For the first time in five seasons, DeRidder enters a new year off a losing record. The Dragons snapped their streak of four straight playoff appearances in 2016. But with a new season, comes new beginnings.
"Everyone is expecting us to go 2-8 and have a bad season. We kind of brush it under the rug," said senior linebacker Nicholas Sanders. "A new season is a new start, and everyone is positive about it and ready to go."
And the Dragons will look for a clean slate in the same district DeRidder won back-to-back titles in, in 2013 and 2014. The new district is Alexandria-based.
That's kind of part of being at DeRidder. This will be my tenth or eleventh year and we have moved districts three or four times," admitted head coach Brad Parmley. "There are a lot of unknowns going into the year, but there's nothing we can change, so we only can worry about us.
The Dragons bring back 11 starters, five of which are on offense. Quarterback Lane Armer returns after a late season emergence that helped revitalize the team. His offensive line returns a core of experience which should help the young QB develop.

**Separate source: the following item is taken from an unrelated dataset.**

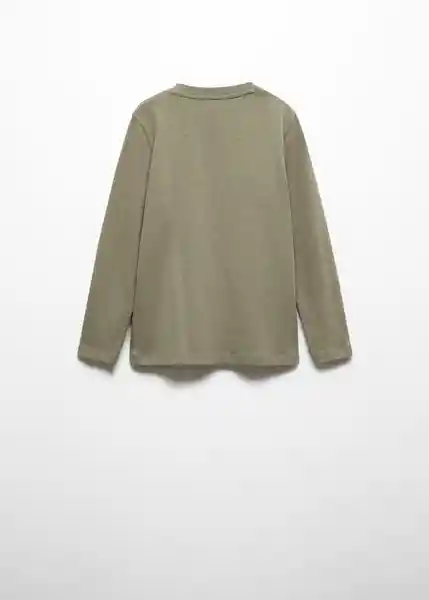 Camiseta Henley Khaki Talla 12 Niños Mango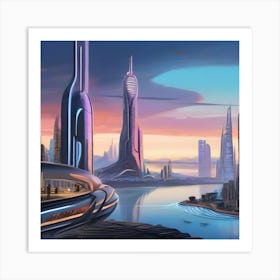 Futuristic Cityscape 13 Art Print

"Lane did a great job last year being put into the spot as a sophomore. He came in and did a great job finishing the year out," said Parmley. "He had a great off-season and great summer, and we are expecting big things from Lane."
The Dragons also have a few tricks up their sleeve on offense, with a plan to upgrade the offensive philosophy. DeRidder will still base its offense on the run, but expect to see more three receiver sets, capable of putting the Dragon athletes in space.
"We are all for it," Sanders said. "Everyone talks about DeRidder running the ball, but we're going to spread it open a little bit and it's going to be pretty exciting.
The Dragons are also excited about the group of defenders returning.
Sanders and cornerback D'onte Roshell lead an experienced defense that Coach Parmley believes is strong enough to slow down whatever the district throws at them.
"Anytime the kids have a year or more experience and anytime they have been there done that, it makes the job easier. Whenever you jump in there that first Friday night and the lights are on you and you haven't been there, it's kind of a different situation," Parmley said. "All of a sudden, experience will hopefully pay off for us."